Such spaces evoke intimate, empathetic experience; most of the images of Panton's 'Visiona II' environments are unpopulated, but when - rarely - figures appear, they are invariably single, or occasionally a couple drawn together by some kind of mental current. There's a room, with white ring lights on the walls and ceiling, in which a man and a woman sit face to face on plastic furniture. You can't tell what colour the furniture is, and you can't tell what colour their clothing is, because everything is bathed in a shadowless scarlet light punctuated by slippery white highlights. The two figures aren't talking, but remain in eye contact, absorbed in each other, or themselves. What are they thinking? Perhaps it's hard to think when the light gets under your skin and transforms it into a translucent, luminous shell. In other images, solitary figures appear to be caught at moments of languorous reverie. A woman sinks into the fleecy foam structure of Panton's Three Dimensional Carpet, staring out into a space that is not really there: it's an inward stare, reflected back by a looking-glass wall. In the background sits her twin, trapped in a parallel universe. Chandeliers dangle bunches of glistening, red and yellow globes that you feel ought to pop like berries if you squeezed them. Another environment encloses a woman in a satin dress, who reclines on a purple fabric rocking chair that looks like a fruit segment raised on a platform of giant purple sugar cubes. She too has that inward gaze, and beside her is a small tray bearing a crystal decanter, a glass and two small bowls. She resembles one of Ingres' Odalisques, sucking up time like a sponge so that a day passes in the blink of an eye (but you couldn't tell - there is no natural light and it is impossible to orientate yourself to the outside world). Time gets twisted and space is fragmented, reflected at varying scales and levels of detail in the embossed foil wall panels, the spikey metallic ceiling and the microcosmic complexity of chandeliers like silver gilt acorns.

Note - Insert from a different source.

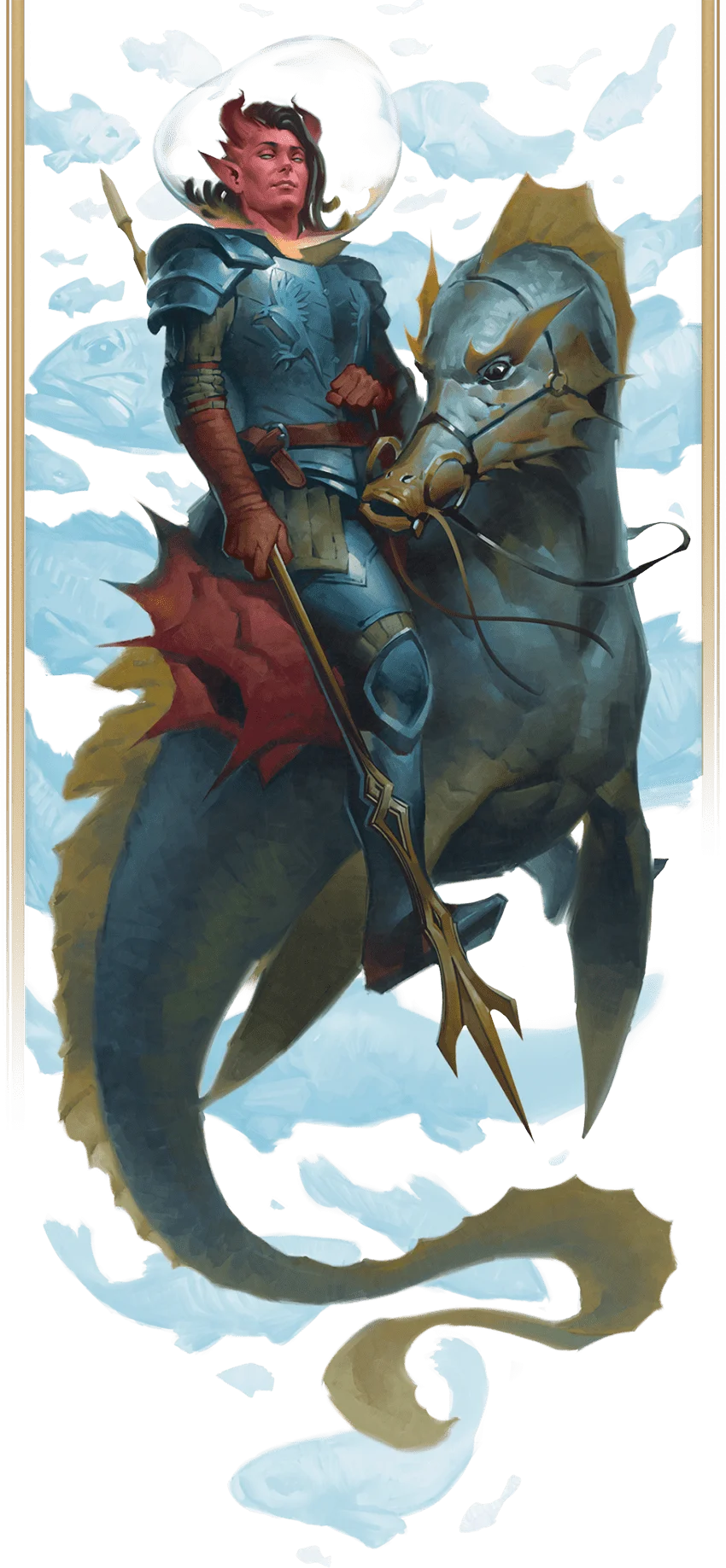 Astride a giant seahorse, ...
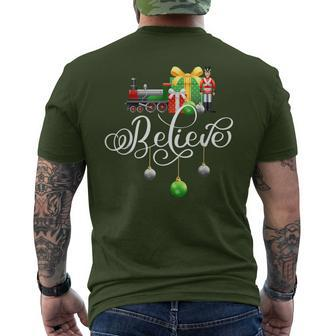 Christmas Train Christmas Believe Polar Express Xmas Santa Men's T-shirt Back Print | Mazezy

Perhaps Panton's great achievement was understanding how to transform space and create a sense of shifting scale through illuminated walls and ceilings, and macro-micro reflective surfaces. But although the spatial dislocations are extreme, the resulting sense of temporal stasis is even odder. Ultimately, these rooms appear as intimate environments for 'being' - a very 60s-into-70s notion, or as Jonathan Meades put it: 'Most of the state-of-the-art super hippies seemed to live in a totally different world. It was a closed and not talking world. [...] They didn't say anything, didn't do anything - just sat there.' 2 Some of Panton's most complete environments are ostensibly social spaces - restaurants, canteens, lobbies, bars - but they are strangely anti-social in the conventional sense. You couldn't imagine beery laughter at the Spiegel bar, or idly chattering groups of people in the Phantasy Landscape; and who knows what kind of dining experience was enjoyed by customers of the Varna restaurant in Aarhus, Denmark, within the overwhelming beetroot pink cocoon Panton created in 1971. Unlike contemporaries such as Joe Colombo, whose Utopian visions centred around an ideal of functional transformation - portable kitchen modules and living units, glasses that allowed you to smoke and drink using only one hand - Panton's environments involve a kind of perceptual transformation, an introversion in which the notion of practical activity becomes an irrelevance - just so much bric-a-brac to be cleared away.

1. Verner Panton, quoted in Niels-Jørgen Kaiser and Svend Erik Møller, Verner Panton, 1985

2. Jonathan Meades, quoted in Jonathon Green, Days in the Life, Heinemann, 1988, p. 188

'Verner Panton: the Light, the Colours' will travel from the Trapholt Museum, Denmark, to the Design Museum, London (17 June - 10 October) and the Vitra Museum, Basel (January 2000).